**Given data**

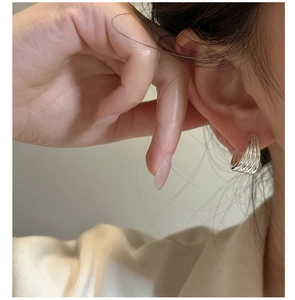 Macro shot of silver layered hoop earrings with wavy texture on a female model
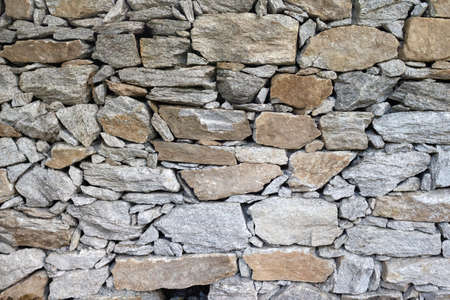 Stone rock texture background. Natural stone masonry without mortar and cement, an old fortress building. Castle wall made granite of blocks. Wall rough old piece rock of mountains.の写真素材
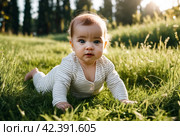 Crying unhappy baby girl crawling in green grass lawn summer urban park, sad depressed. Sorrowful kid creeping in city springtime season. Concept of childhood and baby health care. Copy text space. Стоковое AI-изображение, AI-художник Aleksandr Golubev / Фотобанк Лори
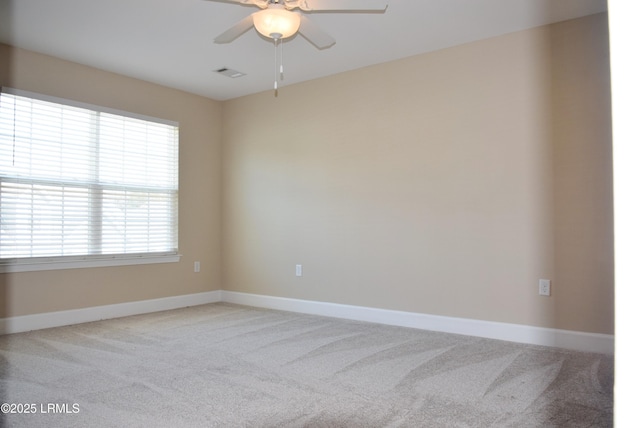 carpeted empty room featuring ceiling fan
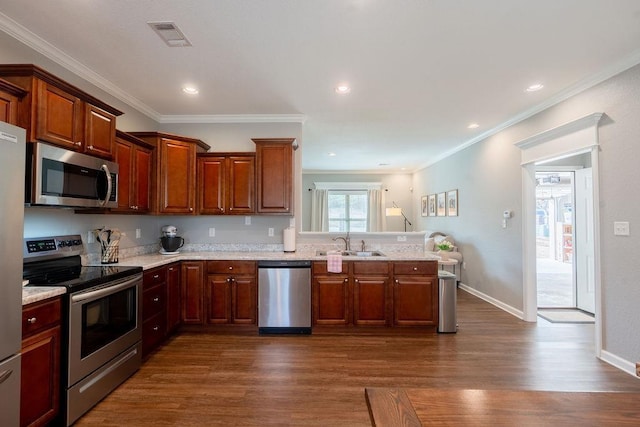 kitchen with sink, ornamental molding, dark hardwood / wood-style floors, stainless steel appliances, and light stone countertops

**Your instructions**
Only the lines from the line holding "Crying unhappy baby" through the last line above belong in the answer, repeated exactly; the pictures do not.

**Task solution**
 Crying unhappy baby girl crawling in green grass lawn summer urban park, sad depressed. Sorrowful kid creeping in city springtime season. Concept of childhood and baby health care. Copy text space. Стоковое AI-изображение, AI-художник Aleksandr Golubev / Фотобанк Лори
 carpeted empty room featuring ceiling fan
 kitchen with sink, ornamental molding, dark hardwood / wood-style floors, stainless steel appliances, and light stone countertops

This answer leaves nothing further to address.